• EXERCISE DIRECTIONS: No pictures in the copy, please: retype all the records exactly.

-- INPUT follows --

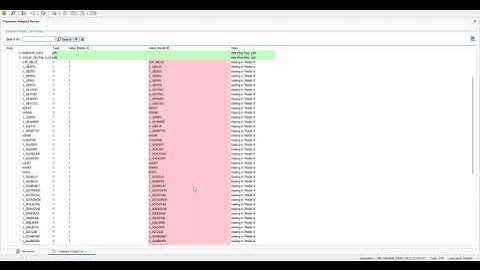 Comparison of S4HANA and ECC Customer Master tables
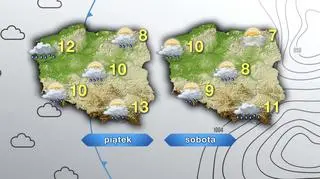 Prognoza pogody na piątek i sobotę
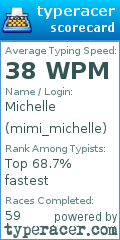 Scorecard for user mimi_michelle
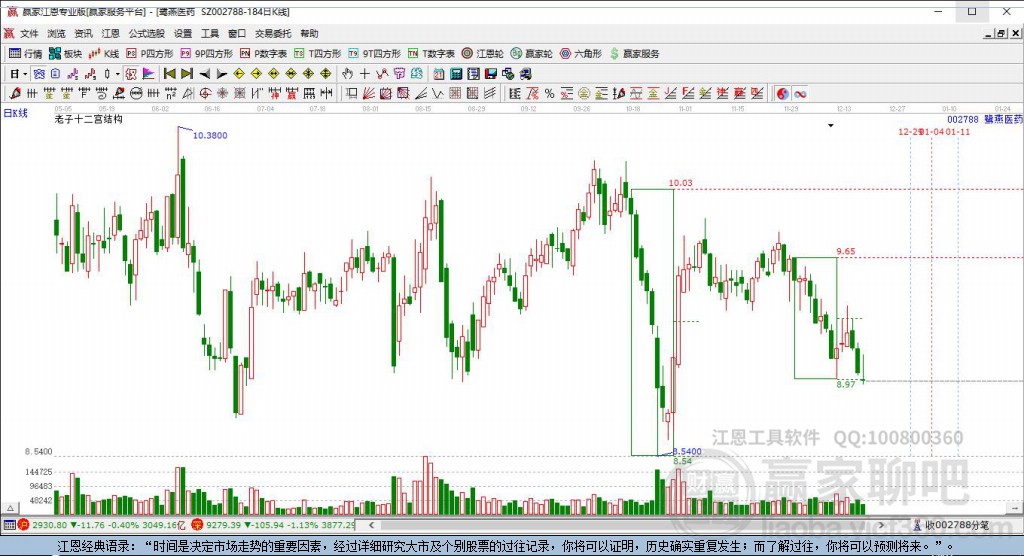002788鷺燕醫(yī)藥贏家十二宮工具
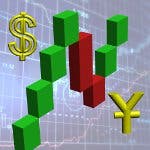 Renko - FOREX ed.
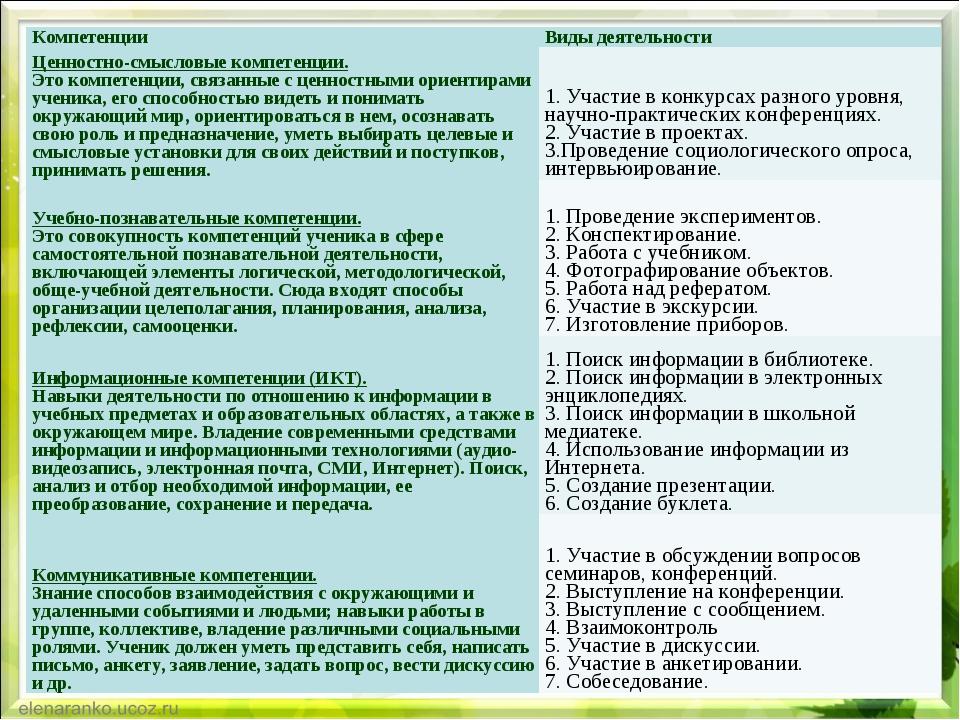 Особые законы движения внешнего и внутреннего плана речи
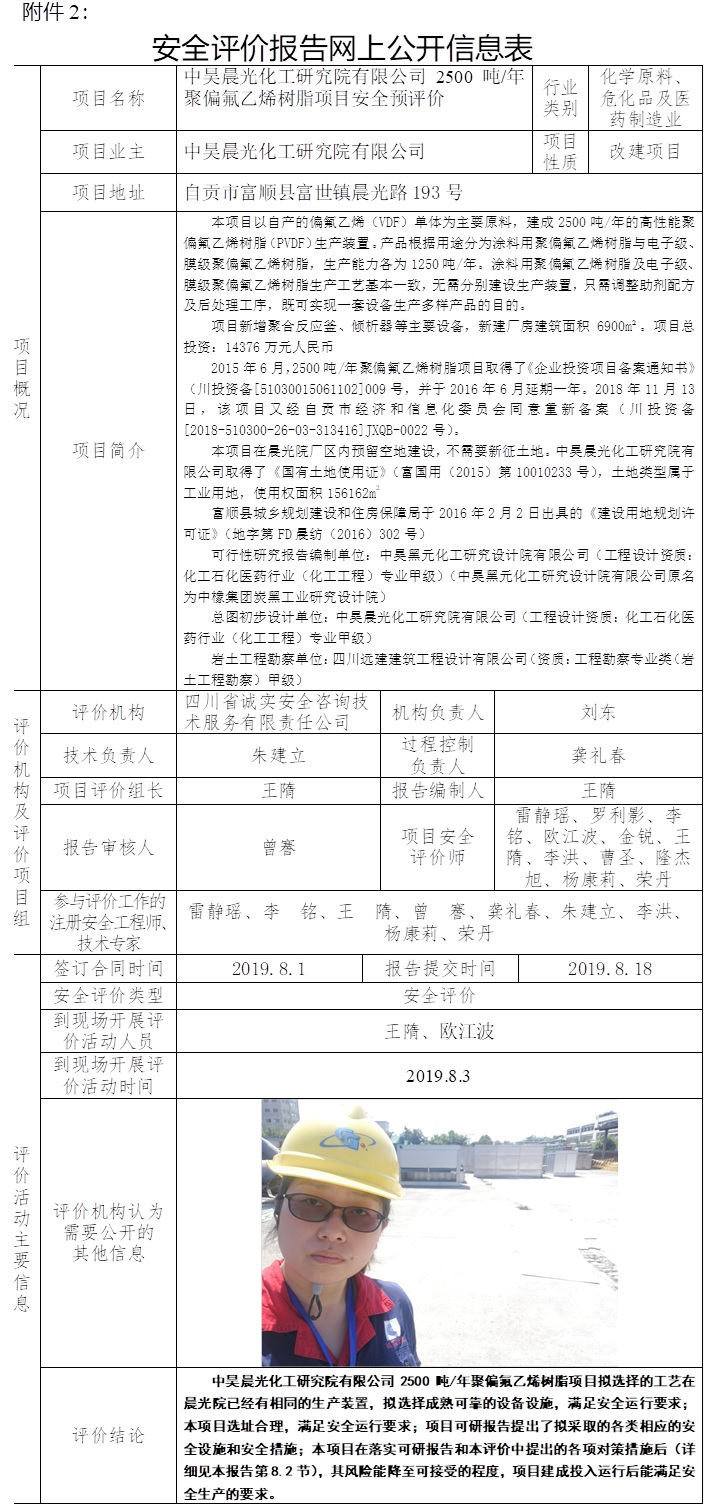 中昊晨光化工研究院有限公司2500噸每年聚偏氟乙烯樹脂項目安全預評價.jpg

-- INPUT concluded --

• RESULT OF THE TASK:
 Comparison of S4HANA and ECC Customer Master tables
 Prognoza pogody na piątek i sobotę
 Scorecard for user mimi_michelle
002788鷺燕醫(yī)藥贏家十二宮工具
 Renko - FOREX ed.
 Особые законы движения внешнего и внутреннего плана речи
 中昊晨光化工研究院有限公司2500噸每年聚偏氟乙烯樹脂項目安全預評價.jpg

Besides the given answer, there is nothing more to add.